The offer comprises a payment of up to £20,000 per shareholder, a deferred payment of up to £1,654 per share and an extra payment of up to 1% of rebateable sales for each shareholder during the four years to the end of March 2022, payable quarterly from June 30 2018 onwards.

The Co-op will take on Nisa’s net debt which was £105m as of July 2.

Nisa chairman Peter Hartley pointed out to retailers that the deal, if approved by Nisa members, would be subject to the approval of the Competition and Markets Authority but no Nisa member would be required to leave the group or divest of their stores.

“Co-op is not seeking to buy members’ stores, or the shares in their independent businesses. These will remain in your ownership,” wrote Hartley.

The offer will be made by way of a “Scheme Arrangement” within 28 days under the Companies Act 2006, which will require a minimum of 75% member approval (measured by value of the equity in the company) in two separate meetings.

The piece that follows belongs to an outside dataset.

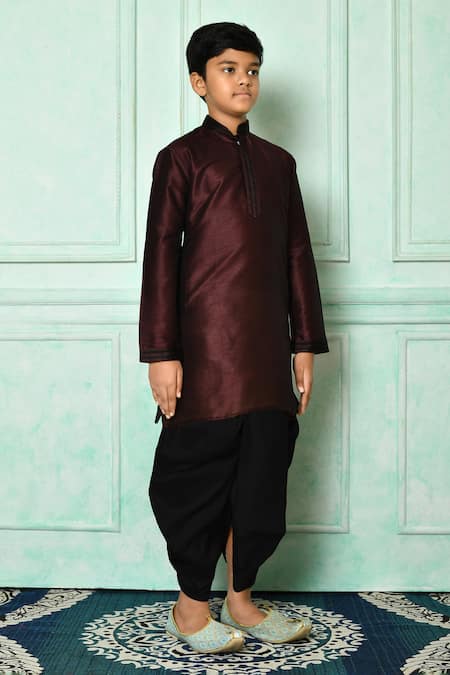 Petite Pomme_Wine Silk, Cotton Full Sleeve Kurta And Dhoti Pant Set _at_Aza_Fashions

A spokesman for the Co-op said: “We’ll be speaking directly with the Nisa members through a series of regional events that are being held across the country as of next week. There will also be a regular Q&A dialogue through their usual communication channels to ensure that all members receive and have access to the same information. We’ll also pick up questions members may have about their own stores through that process.”

Retailers want questions answered

“I urge all retailers to scrutinise all the details and ask all the right questions so we get all the necessary information. There may be questions I haven’t thought of, so we can all help each other.”

Nisa member Rav Garcha

Some retailers are adopting a wait-and-see approach, in the hope that their concerns will be addressed next week.

Several say they do not yet have all the information they need to scrutinise the proposed deal.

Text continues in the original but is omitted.